Na visão ideológica sobre a identidade ucraniana, que seria inexistente, Vladislav Surkov é essencial para entender a perspectiva do atual governo russo. Ex-vice-primeiro-ministro russo e conselheiro da presidência de 2013 a 2020, ele foi um dos principais formuladores do Rússia Unida e do Putinismo como um movimento de massas. Pouco antes de sua demissão, ele escreveu que "a coerção pela força é o único método que historicamente provou sua eficácia em temas ucranianos. Não acho que algum outro será inventado.". Parece familiar, não?
Supostamente ele foi colocado em prisão domiciliar no início do ano, por ter desviado verbas nos últimos anos que seriam destinadas a criar uma rede pró-Rússia na Ucrânia. Finalmente, a historiadora e ex-parlamentar Natalya Narochnitskaya, em um caso de provável influência indireta. Talvez não tão próxima de Putin, mas com capilaridade no Estado russo, especialmente entre diplomatas. Quando Putin critica a federalização do antigo Império Russo por Lênin ou defende Pedro, o grande, por sua "unificação de terras russas", é a obra de Narochnitskaya ganhando eco.
Ela renega o internacionalismo do período soviético e busca resgatar o que chama de princípios russos autênticos da política externa. Ou seja, os princípios da política externa do Império Russo, como o pan-eslavismo e o Cristianismo Ortodoxo. Para muitos leitores, esses três nomes citados podem soar como uma novidade. Alguns, entretanto, talvez se lembrem que citamos esses três indivíduos na primeira colaboração aqui na Gazeta, ainda em março de 2018.

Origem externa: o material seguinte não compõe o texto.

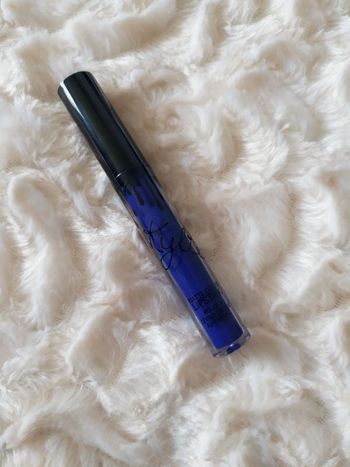 Kylie Matte Liquid Lipstick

Ao tratar de política internacional, é muito importante deixarmos as caricaturas de lado. Por vezes é difícil, mas é necessário. E classificar Dugin como “cérebro de Putin” é uma caricatura. Confortável, mas superficial, que impede de buscar as influências mais sólidas desse governo. Nada disso implica em dizer que Dugin é insignificante ou que ninguém lhe dá ouvidos, mas frisar que existem evidências que apontam em outros sentidos. Principalmente, que superestimar a importância de Alexandr Dugin atende aos interesses de especificamente uma pessoa: o próprio Alexandr Dugin.